**EXERCISE REQUIREMENTS**
Locate the line that contains "Presidenta Xiomara Castro", then copy it and all later lines of the data below exactly, through the last one.

(Data items)
-------
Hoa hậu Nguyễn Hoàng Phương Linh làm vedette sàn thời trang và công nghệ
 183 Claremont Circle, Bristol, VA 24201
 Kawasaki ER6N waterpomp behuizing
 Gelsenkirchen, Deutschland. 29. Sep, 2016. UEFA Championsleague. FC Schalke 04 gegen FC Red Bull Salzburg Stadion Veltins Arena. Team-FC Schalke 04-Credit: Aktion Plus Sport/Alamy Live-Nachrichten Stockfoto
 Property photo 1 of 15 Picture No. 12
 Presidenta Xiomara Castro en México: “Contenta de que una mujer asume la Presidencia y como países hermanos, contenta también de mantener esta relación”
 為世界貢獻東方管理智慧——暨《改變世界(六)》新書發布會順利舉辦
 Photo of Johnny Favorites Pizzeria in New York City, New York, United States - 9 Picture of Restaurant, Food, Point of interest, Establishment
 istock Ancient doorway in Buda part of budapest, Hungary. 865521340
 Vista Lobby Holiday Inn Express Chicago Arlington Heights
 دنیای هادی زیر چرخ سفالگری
-------
**YOUR RESPONSE**
 Presidenta Xiomara Castro en México: “Contenta de que una mujer asume la Presidencia y como países hermanos, contenta también de mantener esta relación”
 為世界貢獻東方管理智慧——暨《改變世界(六)》新書發布會順利舉辦
 Photo of Johnny Favorites Pizzeria in New York City, New York, United States - 9 Picture of Restaurant, Food, Point of interest, Establishment
 istock Ancient doorway in Buda part of budapest, Hungary. 865521340
 Vista Lobby Holiday Inn Express Chicago Arlington Heights
 دنیای هادی زیر چرخ سفالگری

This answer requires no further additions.